In this section, we consider the design of discrete-time IIR filters through the direct search of filter parametersthat will minimize a specific design criterion. Such “brute force” approaches to filter design have becomeincreasingly more popular due to the wide availability of high speed computers and robust numerical optimization methods.

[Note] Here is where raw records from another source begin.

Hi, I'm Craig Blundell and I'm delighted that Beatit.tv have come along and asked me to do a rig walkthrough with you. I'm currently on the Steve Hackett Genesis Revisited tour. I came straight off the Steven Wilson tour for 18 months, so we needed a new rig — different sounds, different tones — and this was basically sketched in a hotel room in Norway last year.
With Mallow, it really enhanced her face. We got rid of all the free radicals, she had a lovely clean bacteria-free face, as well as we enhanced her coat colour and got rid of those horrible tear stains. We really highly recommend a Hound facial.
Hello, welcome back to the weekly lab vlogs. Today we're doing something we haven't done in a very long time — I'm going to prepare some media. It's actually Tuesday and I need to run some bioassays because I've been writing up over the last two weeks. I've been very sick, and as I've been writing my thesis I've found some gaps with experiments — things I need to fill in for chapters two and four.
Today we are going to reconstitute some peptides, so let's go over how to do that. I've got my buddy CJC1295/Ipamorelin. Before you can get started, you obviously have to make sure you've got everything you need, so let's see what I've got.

Typically, numerical approaches to filter design have two parts. First, they design a cost , or error criterion. This criterion is a measure of the difference betweenthe ideal filter response and the response of the computed or “approximate” filter. The goal is to findthe approximate filter with the lowest cost (error). Mean square error isa popular cost criterion. The second part is to minimize the cost with respect to the filter parameters.We will perform the required numerical optimization with the fminsearch function in Matlab's Optimization Toolbox .

#### Questions & Answers

what does nano mean?
nano basically means 10^(-9). nanometer is a unit to measure length.
Bharti
do you think it's worthwhile in the long term to study the effects and possibilities of nanotechnology on viral treatment?
absolutely yes
Daniel
how to know photocatalytic properties of tio2 nanoparticles...what to do now
it is a goid question and i want to know the answer as well
Maciej
characteristics of micro business
Abigail
for teaching engĺish at school how nano technology help us
Anassong
Do somebody tell me a best nano engineering book for beginners?

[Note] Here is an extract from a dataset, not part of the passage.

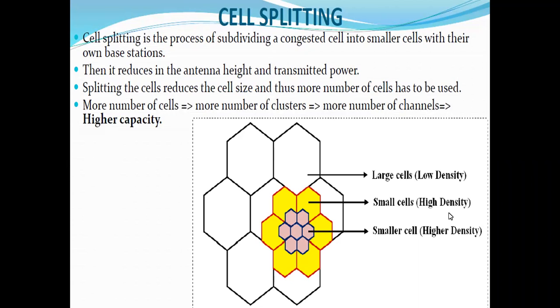Cell splitting is the process of subdividing a congested cell into smaller cells, each with their own base stations. It reduces the antenna height — larger cells require more antenna height whereas smaller cells reduce it. Splitting also reduces the cell size. More cells means more clusters, and since a cluster is a group of cells, more clusters means more frequency channels and thus higher capacity.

what is fullerene does it is used to make bukky balls
are you nano engineer ?
s.
fullerene is a bucky ball aka Carbon 60 molecule. It was name by the architect Fuller. He design the geodesic dome. it resembles a soccer ball.
Tarell
what is the actual application of fullerenes nowadays?
Damian
That is a great question Damian. best way to answer that question is to Google it. there are hundreds of applications for buck minister fullerenes, from medical to aerospace. you can also find plenty of research papers that will give you great detail on the potential applications of fullerenes.
Tarell
what is the Synthesis, properties,and applications of carbon nano chemistry
Mostly, they use nano carbon for electronics and for materials to be strengthened.
Virgil
is Bucky paper clear?
CYNTHIA
so some one know about replacing silicon atom with phosphorous in semiconductors device?

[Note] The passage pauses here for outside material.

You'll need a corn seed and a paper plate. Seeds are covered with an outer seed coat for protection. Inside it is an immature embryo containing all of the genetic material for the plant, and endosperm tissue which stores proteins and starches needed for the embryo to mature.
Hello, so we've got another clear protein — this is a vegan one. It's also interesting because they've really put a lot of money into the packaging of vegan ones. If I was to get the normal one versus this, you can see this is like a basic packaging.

Yeah, it is a pain to say the least. You basically have to heat the substarte up to around 1000 degrees celcius then pass phosphene gas over top of it, which is explosive and toxic by the way, under very low pressure.
Harper
Do you know which machine is used to that process?
s.
how to fabricate graphene ink ?
for screen printed electrodes ?
SUYASH
What is lattice structure?
of graphene you mean?
Ebrahim
or in general
Ebrahim
in general
s.
Graphene has a hexagonal structure
tahir
On having this app for quite a bit time, Haven't realised there's a chat room in it.
Cied
what is biological synthesis of nanoparticles
what's the easiest and fastest way to the synthesize AgNP?
China
Cied
types of nano material
I start with an easy one. carbon nanotubes woven into a long filament like a string
Porter
many many of nanotubes
Porter
what is the k.e before it land
Yasmin
what is the function of carbon nanotubes?
Cesar
I'm interested in nanotube
Uday
what is nanomaterials​ and their applications of sensors.
what is nano technology
what is system testing?
preparation of nanomaterial
how did you get the value of 2000N.What calculations are needed to arrive at it
Privacy Information Security Software Version 1.1a
Good
Got questions? Join the online conversation and get instant answers!